» **Recorded data**
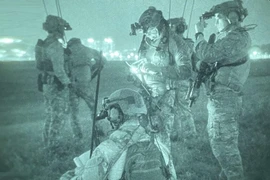 Mỹ diễn tập mô phỏng tấn công các mục tiêu hạt nhân của Triều Tiên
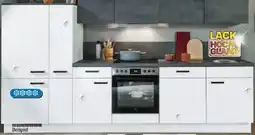 Poco Nobilia Küchenblock Flash Angebot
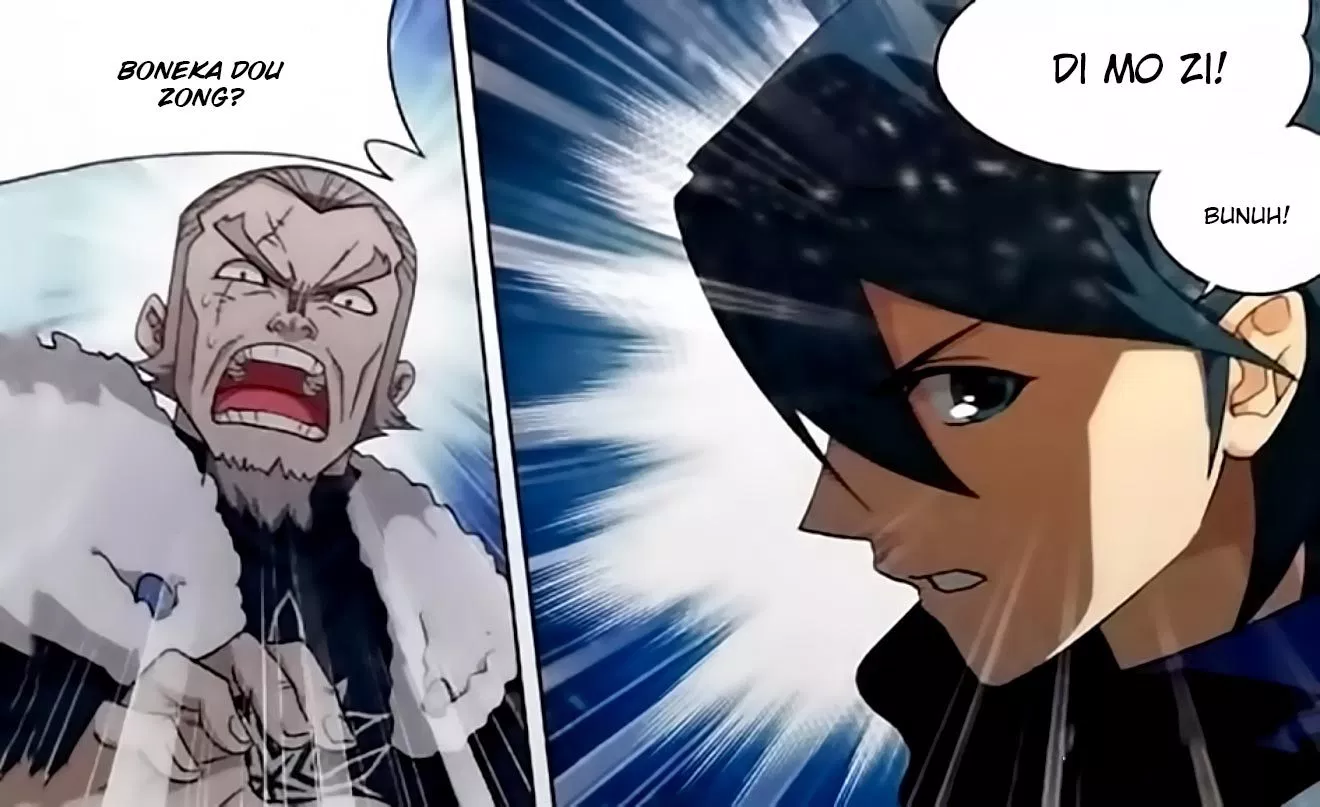 Battle Through the Heavens Chap 250 - Next Chap 251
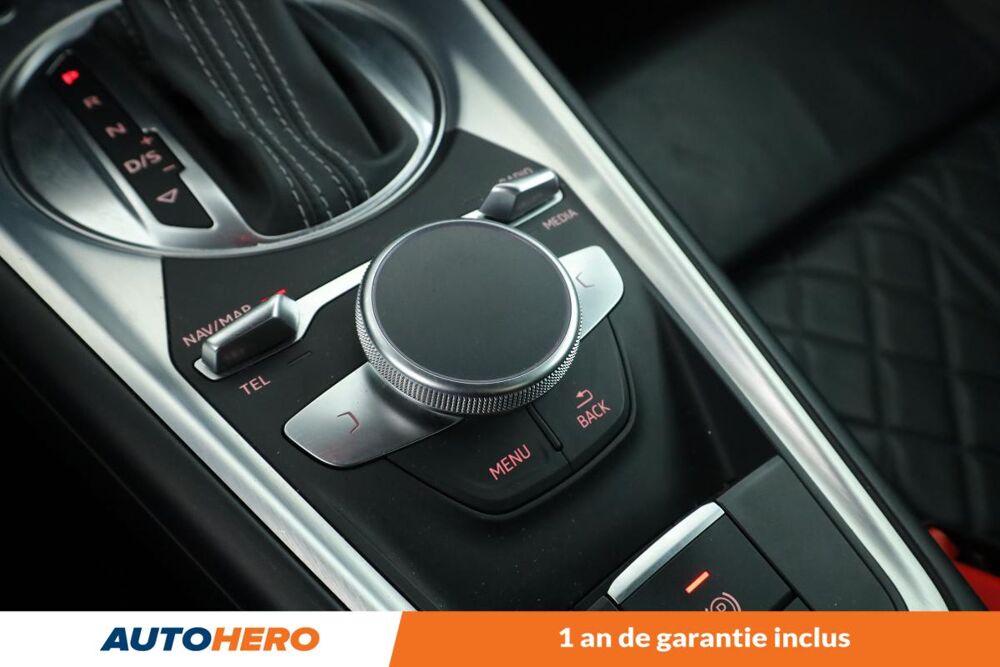 TT 2.0 TFSI S line Quattro S tronic 230 ch 2015 occasion 92130 Issy-les-Moulineaux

» **Action item**
From the first line of the material to the last, retype everything exactly except the images.

» **Written solution**
 Mỹ diễn tập mô phỏng tấn công các mục tiêu hạt nhân của Triều Tiên
 Poco Nobilia Küchenblock Flash Angebot
 Battle Through the Heavens Chap 250 - Next Chap 251
 TT 2.0 TFSI S line Quattro S tronic 230 ch 2015 occasion 92130 Issy-les-Moulineaux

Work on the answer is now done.